§ **Brief**: Your answer should be an exact copy of the lines from the one containing "Artis sekaligus politikus, Mandala" through the last line of the records below, without any pictures.

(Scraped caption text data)
- Opening Delimiter -

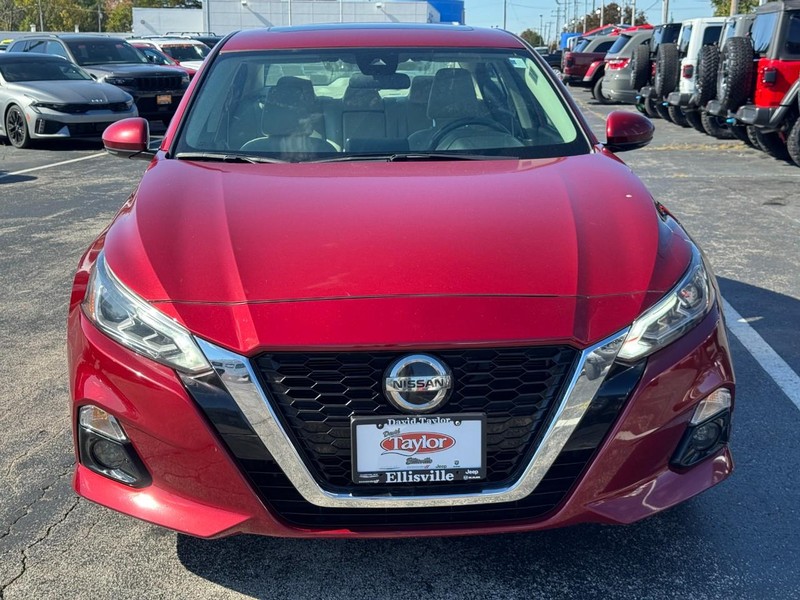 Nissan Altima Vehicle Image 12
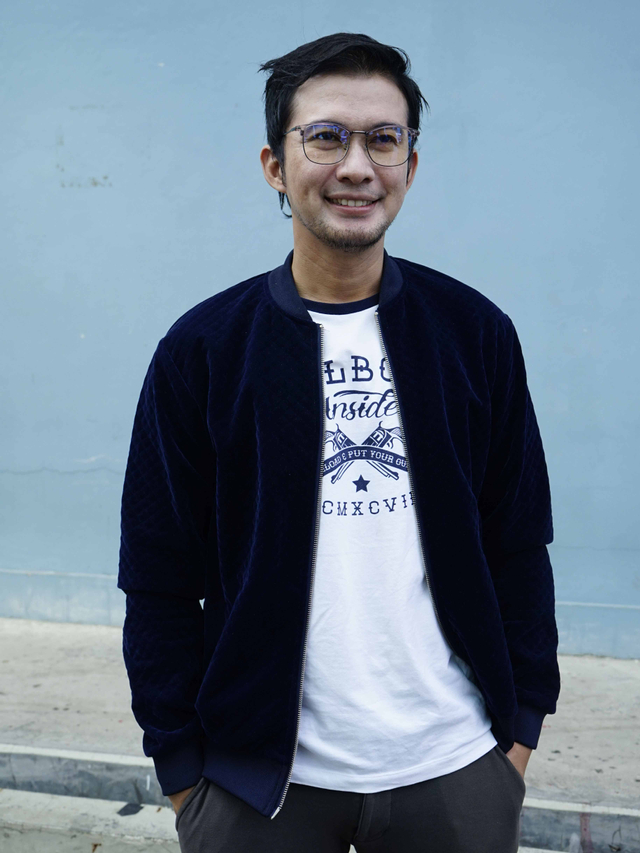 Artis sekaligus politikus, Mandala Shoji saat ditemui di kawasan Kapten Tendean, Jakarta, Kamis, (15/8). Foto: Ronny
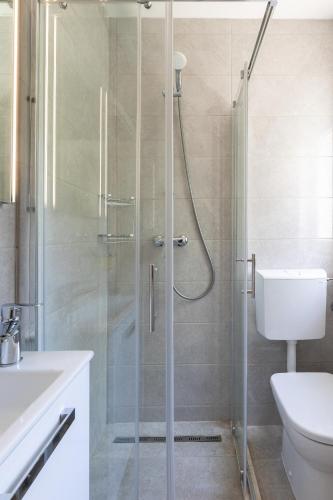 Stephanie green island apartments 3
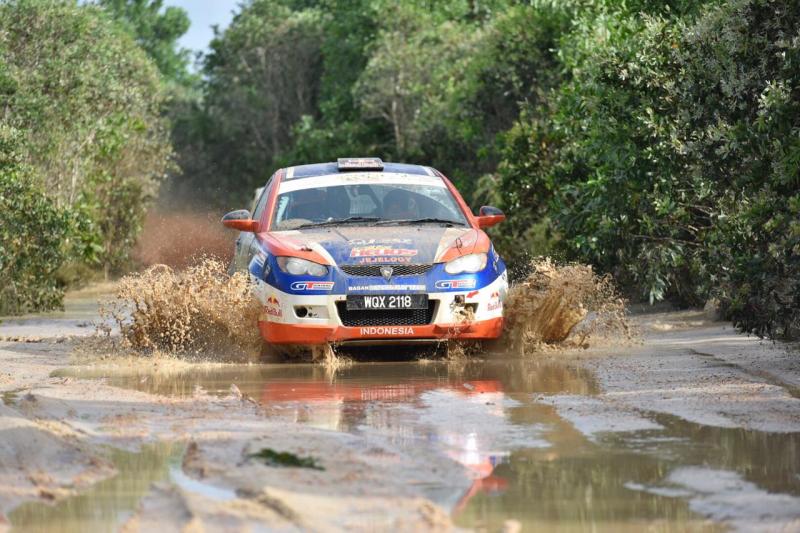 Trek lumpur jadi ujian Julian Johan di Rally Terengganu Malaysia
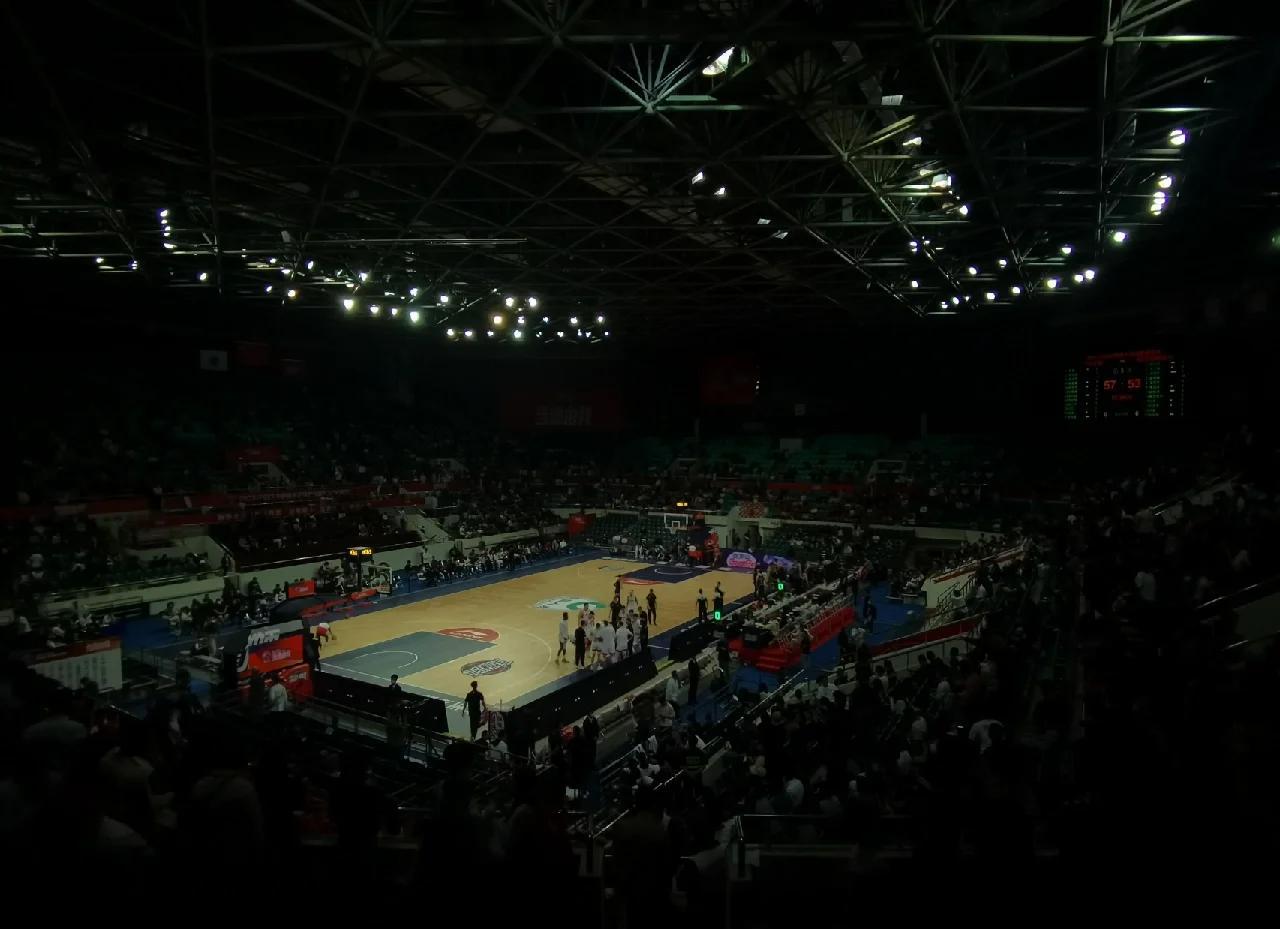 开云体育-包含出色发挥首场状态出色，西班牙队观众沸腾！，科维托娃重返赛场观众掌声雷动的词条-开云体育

- Closing Delimiter -

§ **Answer to the exercise**:
 Artis sekaligus politikus, Mandala Shoji saat ditemui di kawasan Kapten Tendean, Jakarta, Kamis, (15/8). Foto: Ronny
 Stephanie green island apartments 3
 Trek lumpur jadi ujian Julian Johan di Rally Terengganu Malaysia
 开云体育-包含出色发挥首场状态出色，西班牙队观众沸腾！，科维托娃重返赛场观众掌声雷动的词条-开云体育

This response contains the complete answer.